Not long after the release of 2004’s Emotive, Howerdel began sculpting and recording material on his own, bouncing ideas off session drummer Josh Freese. He’s written 14 tracks, nine of which he’s content with.
“I’m doing the same thing I’ve always done, which is writing songs from the heart, doing what comes naturally to me and writing songs that wouldn’t be hard to fit into the A Perfect Circle mold,” he explained. “In the beginning, when I started writing this stuff, I set out to do something very different. But if this is going to be my main focus, I want it to be what feels really right to me, and not just a side project or whatever you want to call it. It’s not a huge departure. It just feels like I’m working on music the way I always have, with the difference being I don’t have my partner Maynard coming in and singing lyrics over it; I’ll be doing all the singing. It feels a bit lonely right now, because you get used to something and you want to go back to that comfort space. This is making me look at music in a different way.”
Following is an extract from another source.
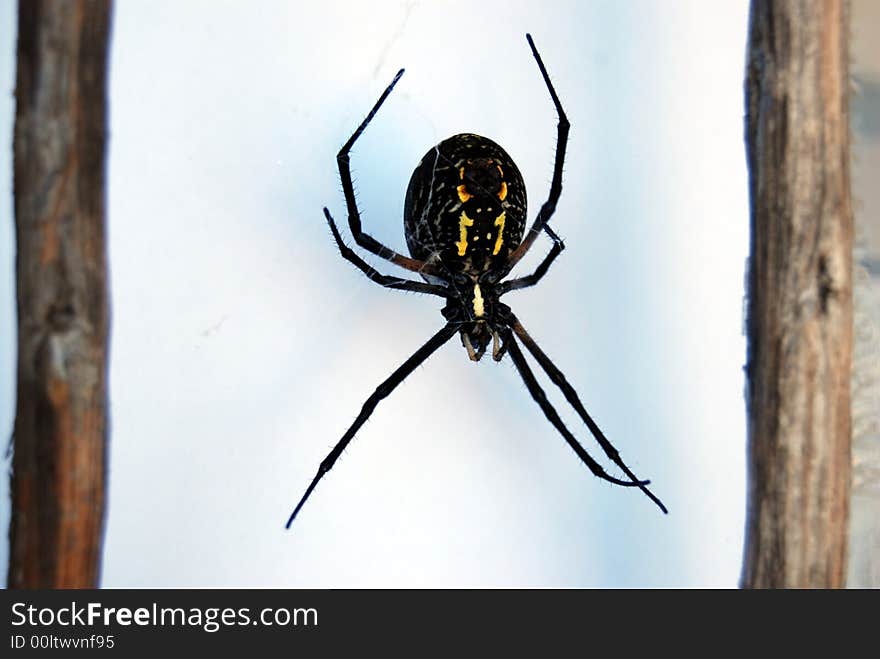 Orb Weaver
Two weeks ago, Howerdel — who hasn’t found a record label for his forthcoming, yet-untitled project — teamed up with Freese, Jonny Polanski (“The first bass player we had try out for A Perfect Circle”), ex-APC guitarist Troy Van Leeuwen, and Freese’s brother, keyboardist Jason Freese, “to flush them out in a live rehearsal situation.” Of course, Howerdel’s not sure his next band’s going to feature any of these players.
“I have some people in mind,” he said. “There’s a couple of people I’ve heard are looking to put a band together. I have a list of people I’m thinking about using as soon as it’s ready.”
Howerdel hopes to have his band in place by late summer so he can get back out on the road. He’d like to be able to release the record before year’s end. But first he needs to make sure everything about these songs is just right.
“I could probably finish the album in five days, but I want it to be at least as good or better than anything I’ve done before,” Howerdel said.